Using the records below, output the stretch that opens with the line containing "TOMEX brakes TX" and closes with the line containing "2011 SUBARU IMPREZA", exactly and including both lines, with nothing more.

Records supplied ▸
________________________________________
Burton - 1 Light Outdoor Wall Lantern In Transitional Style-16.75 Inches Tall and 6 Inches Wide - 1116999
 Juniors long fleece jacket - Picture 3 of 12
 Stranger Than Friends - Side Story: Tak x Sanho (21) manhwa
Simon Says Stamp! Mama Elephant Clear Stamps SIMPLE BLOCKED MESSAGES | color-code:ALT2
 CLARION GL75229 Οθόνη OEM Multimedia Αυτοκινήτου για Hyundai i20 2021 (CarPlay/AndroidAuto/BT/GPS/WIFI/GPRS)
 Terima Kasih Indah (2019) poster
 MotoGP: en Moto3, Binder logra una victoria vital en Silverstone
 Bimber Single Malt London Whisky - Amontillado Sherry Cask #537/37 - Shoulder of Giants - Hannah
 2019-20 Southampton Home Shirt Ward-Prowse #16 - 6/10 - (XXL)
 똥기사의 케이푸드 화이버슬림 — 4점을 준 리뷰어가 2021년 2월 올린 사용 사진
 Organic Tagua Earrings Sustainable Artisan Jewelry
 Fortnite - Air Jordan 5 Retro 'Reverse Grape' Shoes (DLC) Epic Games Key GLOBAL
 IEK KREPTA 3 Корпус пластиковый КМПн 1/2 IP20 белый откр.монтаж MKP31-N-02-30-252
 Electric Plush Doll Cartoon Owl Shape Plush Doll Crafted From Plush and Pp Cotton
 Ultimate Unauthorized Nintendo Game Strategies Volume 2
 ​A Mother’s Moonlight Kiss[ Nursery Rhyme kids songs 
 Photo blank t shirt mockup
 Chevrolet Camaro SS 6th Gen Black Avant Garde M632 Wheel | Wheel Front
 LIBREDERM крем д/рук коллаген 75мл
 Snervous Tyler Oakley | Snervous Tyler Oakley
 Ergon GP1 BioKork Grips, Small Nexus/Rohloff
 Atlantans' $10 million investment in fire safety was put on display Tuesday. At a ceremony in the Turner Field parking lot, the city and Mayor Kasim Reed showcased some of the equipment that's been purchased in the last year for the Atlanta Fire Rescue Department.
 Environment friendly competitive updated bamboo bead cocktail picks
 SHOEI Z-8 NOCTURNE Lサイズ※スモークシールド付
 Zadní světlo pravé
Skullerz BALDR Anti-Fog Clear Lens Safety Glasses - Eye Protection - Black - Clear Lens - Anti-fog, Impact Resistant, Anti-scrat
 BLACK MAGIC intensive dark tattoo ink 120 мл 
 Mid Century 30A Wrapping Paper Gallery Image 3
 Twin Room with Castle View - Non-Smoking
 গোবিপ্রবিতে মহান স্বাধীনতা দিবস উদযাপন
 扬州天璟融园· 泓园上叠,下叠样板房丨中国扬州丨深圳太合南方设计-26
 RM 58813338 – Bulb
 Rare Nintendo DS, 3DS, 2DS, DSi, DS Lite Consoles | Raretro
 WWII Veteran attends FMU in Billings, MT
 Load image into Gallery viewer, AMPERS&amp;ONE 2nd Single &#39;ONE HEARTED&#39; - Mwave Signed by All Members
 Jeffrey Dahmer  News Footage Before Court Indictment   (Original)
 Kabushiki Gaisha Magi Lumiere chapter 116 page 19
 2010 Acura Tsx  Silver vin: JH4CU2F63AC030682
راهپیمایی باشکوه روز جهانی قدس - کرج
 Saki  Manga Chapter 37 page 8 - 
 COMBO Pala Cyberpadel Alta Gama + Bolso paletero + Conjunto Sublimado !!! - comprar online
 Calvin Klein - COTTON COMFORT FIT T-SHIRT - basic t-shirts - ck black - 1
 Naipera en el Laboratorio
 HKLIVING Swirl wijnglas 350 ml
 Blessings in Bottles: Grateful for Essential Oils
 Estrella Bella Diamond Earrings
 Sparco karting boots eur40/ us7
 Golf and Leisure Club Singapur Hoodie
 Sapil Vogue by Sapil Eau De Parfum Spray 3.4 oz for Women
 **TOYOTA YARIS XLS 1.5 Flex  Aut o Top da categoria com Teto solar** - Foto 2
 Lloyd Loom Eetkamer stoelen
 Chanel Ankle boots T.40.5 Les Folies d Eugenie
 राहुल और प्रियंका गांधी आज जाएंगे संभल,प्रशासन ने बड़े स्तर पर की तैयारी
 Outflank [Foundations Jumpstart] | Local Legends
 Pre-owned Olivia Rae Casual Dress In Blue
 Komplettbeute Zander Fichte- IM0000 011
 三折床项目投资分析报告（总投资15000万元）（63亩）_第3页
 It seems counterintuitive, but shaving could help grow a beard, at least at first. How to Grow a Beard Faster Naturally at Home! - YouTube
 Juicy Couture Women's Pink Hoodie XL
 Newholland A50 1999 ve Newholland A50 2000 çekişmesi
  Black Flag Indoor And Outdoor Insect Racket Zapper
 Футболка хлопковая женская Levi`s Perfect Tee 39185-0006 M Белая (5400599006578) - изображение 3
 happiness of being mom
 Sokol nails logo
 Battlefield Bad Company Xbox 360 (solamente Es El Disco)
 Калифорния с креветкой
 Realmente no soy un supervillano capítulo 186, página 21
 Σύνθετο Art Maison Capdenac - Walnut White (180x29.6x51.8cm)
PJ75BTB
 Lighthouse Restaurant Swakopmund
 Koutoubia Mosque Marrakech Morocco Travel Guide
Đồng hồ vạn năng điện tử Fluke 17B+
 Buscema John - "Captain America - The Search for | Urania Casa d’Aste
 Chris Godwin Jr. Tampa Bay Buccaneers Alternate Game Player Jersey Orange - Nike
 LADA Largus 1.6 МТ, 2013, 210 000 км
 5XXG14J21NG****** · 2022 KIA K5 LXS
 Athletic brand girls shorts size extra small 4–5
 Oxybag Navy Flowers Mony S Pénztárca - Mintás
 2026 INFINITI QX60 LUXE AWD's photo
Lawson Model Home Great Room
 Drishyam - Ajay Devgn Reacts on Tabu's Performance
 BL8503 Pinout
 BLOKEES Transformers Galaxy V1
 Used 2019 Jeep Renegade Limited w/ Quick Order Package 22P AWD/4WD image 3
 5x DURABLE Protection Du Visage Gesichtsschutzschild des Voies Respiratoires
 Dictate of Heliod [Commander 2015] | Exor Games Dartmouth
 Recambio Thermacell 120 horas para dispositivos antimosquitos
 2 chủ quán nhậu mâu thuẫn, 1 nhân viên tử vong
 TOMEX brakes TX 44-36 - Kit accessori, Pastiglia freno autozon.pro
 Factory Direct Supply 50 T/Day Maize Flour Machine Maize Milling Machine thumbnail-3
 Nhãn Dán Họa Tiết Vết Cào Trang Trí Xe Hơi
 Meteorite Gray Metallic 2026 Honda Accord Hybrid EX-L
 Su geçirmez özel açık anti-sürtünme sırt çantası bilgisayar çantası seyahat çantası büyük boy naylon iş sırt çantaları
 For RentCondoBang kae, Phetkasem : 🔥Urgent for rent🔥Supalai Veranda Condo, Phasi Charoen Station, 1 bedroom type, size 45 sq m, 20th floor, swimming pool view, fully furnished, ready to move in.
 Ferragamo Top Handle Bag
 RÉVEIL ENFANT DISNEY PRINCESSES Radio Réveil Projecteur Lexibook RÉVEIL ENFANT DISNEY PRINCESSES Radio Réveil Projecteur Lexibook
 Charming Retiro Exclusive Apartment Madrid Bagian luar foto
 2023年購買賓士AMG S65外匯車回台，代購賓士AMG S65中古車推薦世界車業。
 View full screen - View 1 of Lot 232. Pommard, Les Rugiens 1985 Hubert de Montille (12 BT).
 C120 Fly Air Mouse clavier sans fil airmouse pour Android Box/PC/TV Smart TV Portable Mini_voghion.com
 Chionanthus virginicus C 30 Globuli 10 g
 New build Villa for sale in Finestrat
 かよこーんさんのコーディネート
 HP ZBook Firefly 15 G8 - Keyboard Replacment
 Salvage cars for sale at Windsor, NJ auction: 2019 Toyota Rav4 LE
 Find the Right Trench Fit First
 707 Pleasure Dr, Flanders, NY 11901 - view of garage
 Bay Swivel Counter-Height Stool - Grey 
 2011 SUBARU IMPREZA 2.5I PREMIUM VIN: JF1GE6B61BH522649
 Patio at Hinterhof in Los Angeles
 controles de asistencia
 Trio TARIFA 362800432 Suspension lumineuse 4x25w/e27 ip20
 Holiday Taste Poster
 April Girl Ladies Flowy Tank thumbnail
________________________________________
Written answer ▸
 TOMEX brakes TX 44-36 - Kit accessori, Pastiglia freno autozon.pro
 Factory Direct Supply 50 T/Day Maize Flour Machine Maize Milling Machine thumbnail-3
 Nhãn Dán Họa Tiết Vết Cào Trang Trí Xe Hơi
 Meteorite Gray Metallic 2026 Honda Accord Hybrid EX-L
 Su geçirmez özel açık anti-sürtünme sırt çantası bilgisayar çantası seyahat çantası büyük boy naylon iş sırt çantaları
 For RentCondoBang kae, Phetkasem : 🔥Urgent for rent🔥Supalai Veranda Condo, Phasi Charoen Station, 1 bedroom type, size 45 sq m, 20th floor, swimming pool view, fully furnished, ready to move in.
 Ferragamo Top Handle Bag
 RÉVEIL ENFANT DISNEY PRINCESSES Radio Réveil Projecteur Lexibook RÉVEIL ENFANT DISNEY PRINCESSES Radio Réveil Projecteur Lexibook
 Charming Retiro Exclusive Apartment Madrid Bagian luar foto
 2023年購買賓士AMG S65外匯車回台，代購賓士AMG S65中古車推薦世界車業。
 View full screen - View 1 of Lot 232. Pommard, Les Rugiens 1985 Hubert de Montille (12 BT).
 C120 Fly Air Mouse clavier sans fil airmouse pour Android Box/PC/TV Smart TV Portable Mini_voghion.com
 Chionanthus virginicus C 30 Globuli 10 g
 New build Villa for sale in Finestrat
 かよこーんさんのコーディネート
 HP ZBook Firefly 15 G8 - Keyboard Replacment
 Salvage cars for sale at Windsor, NJ auction: 2019 Toyota Rav4 LE
 Find the Right Trench Fit First
 707 Pleasure Dr, Flanders, NY 11901 - view of garage
 Bay Swivel Counter-Height Stool - Grey 
 2011 SUBARU IMPREZA 2.5I PREMIUM VIN: JF1GE6B61BH522649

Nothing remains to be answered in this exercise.